En un terreno afín, y en tercer lugar, ésta es la hora de recordar que en Porto Alegre, a finales de enero, se ofició el desembarco estelar de significadas fracciones de la socialdemocracia en el mundo de la resistencia global. Como cabía esperar, las reacciones, de nuevo, han sido muy dispares: si en unos casos se ha recibido como agua de mayo al recién llegado, en otros ha predominado el recelo ante lo que se intuía era una inquietante operación de supeditación a intereses espurios. La gran pregunta es, en suma, quién tiene influencia sobre quién: ¿serán los movimientos los que acaben por enderezar el torcido discurso de la socialdemocracia o será esta última la que acabará por anular la autonomía de aquéllos y por convertirlos en lo que ella misma es a los ojos de muchos: una jacobina guinda legitimadora de la globalización neoliberal? Hoy por hoy, en el grueso de los movimientos sólo se vislumbra un espíritu que, tras beber en las fuentes del radicalismo autolimitado, se acoge cautelosamente a aquello de por sus obras los conoceréis.

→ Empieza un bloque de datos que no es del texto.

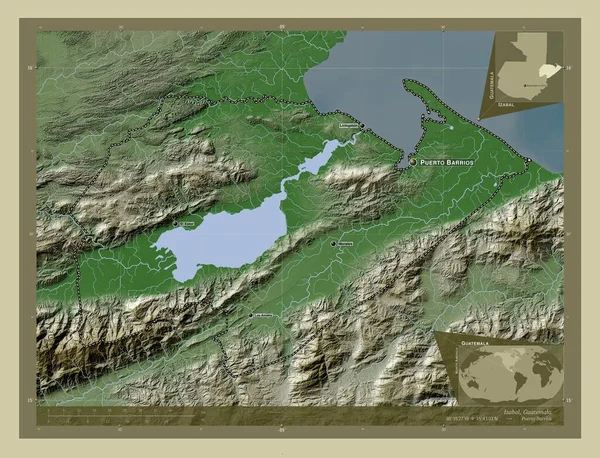 Изабал Департамент Гватемалы Карта Высоты Окрашенная Вики Стиле Озерами Реками — стоковое фото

La cuarta tesitura delicada -que afecta más al debate en los medios de comunicación que a los propios activistas- es la de la violencia. Con Génova en la retina podemos afirmar que hemos dispensado demasiada atención a la algarada callejera protagonizada por determinados sectores de la resistencia global, y muy poca, en cambio, a la interesada violencia desplegada por unos aparatos policiales a menudo entregados a una doble tarea de demonización y criminalización de los movimientos. En el seno de éstos muchos son los que piensan que si la violencia antiglobalización no existiese, las necesidades objetivas de los sistemas en que vivimos -y en lugar singular la de alejar a muchos ciudadanos de una voluntad de contestación cada vez más arraigada- reclamarían su creación. Y, por cierto, una de las estratagemas más abyectas de los últimos meses es la que, con el franco concurso de muchos medios de comunicación, se regocija al emplear inopinadamente un mismo fetiche, la palabra violencia, para describir conductas tan distintas como el apedreamiento de un escaparate y el tiro en la nuca.

Como puede intuirse, la relación con los medios, y casi siempre la dependencia con respecto a éstos, configura un quinto problema de peso.

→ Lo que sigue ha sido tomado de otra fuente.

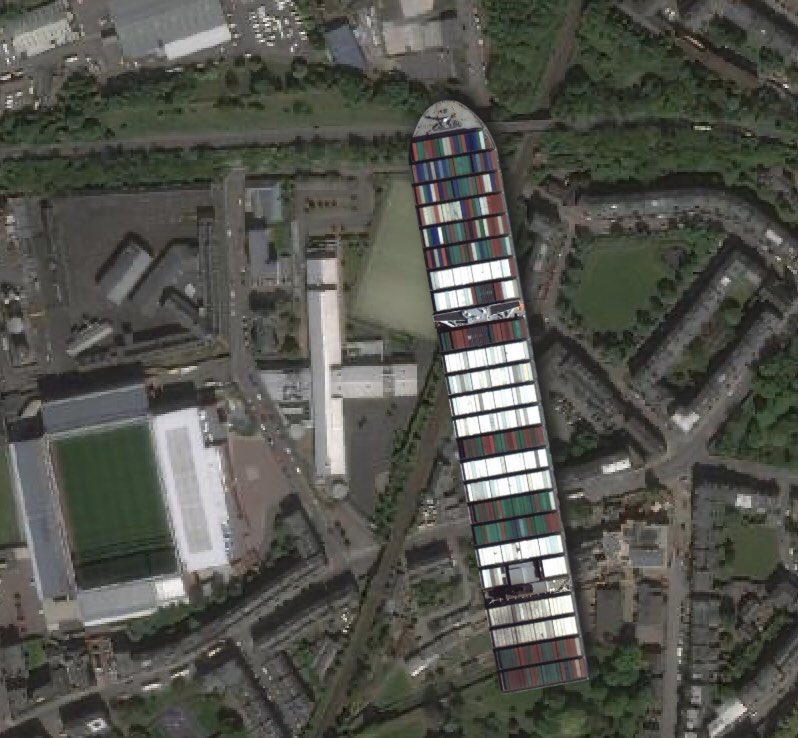 What it would be like if the Evergreen container ship was stuck over Tynecastle HS instead of the Suez Canal!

Conviene subrayar, de cualquier modo, que si no faltan los medios de comunicación que participan con pundonor en la demonización de las redes de resistencia global, el tratamiento informativo de lo ocurrido en Porto Alegre permite albergar alguna esperanza. Son muchos los estudiosos y publicistas que, incluso desde posiciones conservadoras, han acabado por entender que los discursos del Fondo Monetario y del Banco Mundial carecen por completo de credibilidad. No sólo eso: la afirmación de que el principal problema planetario no es el terrorismo, sino la pobreza, que en la tarde del 11 de septiembre hubiese provocado un inmediato linchamiento moral, tiene hoy -o al menos así lo parece- más partidarios que detractores.

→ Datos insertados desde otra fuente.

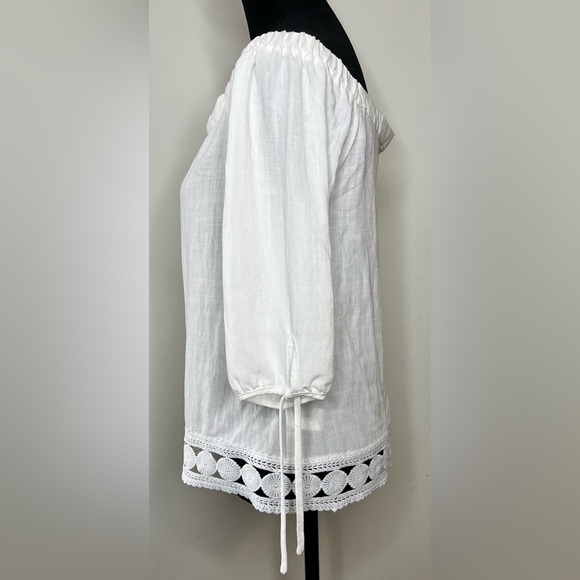 Anthropologie Greylin Akela White Off The Shoulder Top Half Sleeve small EUC - Picture 8 of 9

Agreguemos, en fin, que entre las prioridades de los movimientos debe contarse la de perfilar propuestas claras -quienes de esto saben afirman que en Porto Alegre apenas se innovó en el terreno programático- y hacerlo, por añadidura, con un lenguaje llano y asequible que, sin rebajar la radicalidad y sabiendo aunar las diferencias, sirva para atraer a grupos sociales y generacionales cuya presencia ha sido hasta hoy marginal. Si eso ocurre es más que probable que los movimientos saquen el partido que merece a sus tres grandes virtudes: la de aportar una contestación global frente a las propuestas parcializadas de sus antecesores, la de engarzar sin excesivos problemas con los sectores más lúcidos del movimiento obrero -conceptos como los de explotación, exclusión y feminización de la pobreza facilitan la tarea- y la de contar con redes transnacionales que, luego de mitigar imaginables querencias etnocéntricas, ofrecen un incipiente contrapeso a la respuesta, inane o connivente, que instancias como la ONU o la Unión Europea blanden ante la prepotencia de Bush y sus mecenas.

Carlos Taibo es profesor de Ciencia Política en la Universidad Autónoma de Madrid y autor de Cien preguntas sobre el nuevo desorden.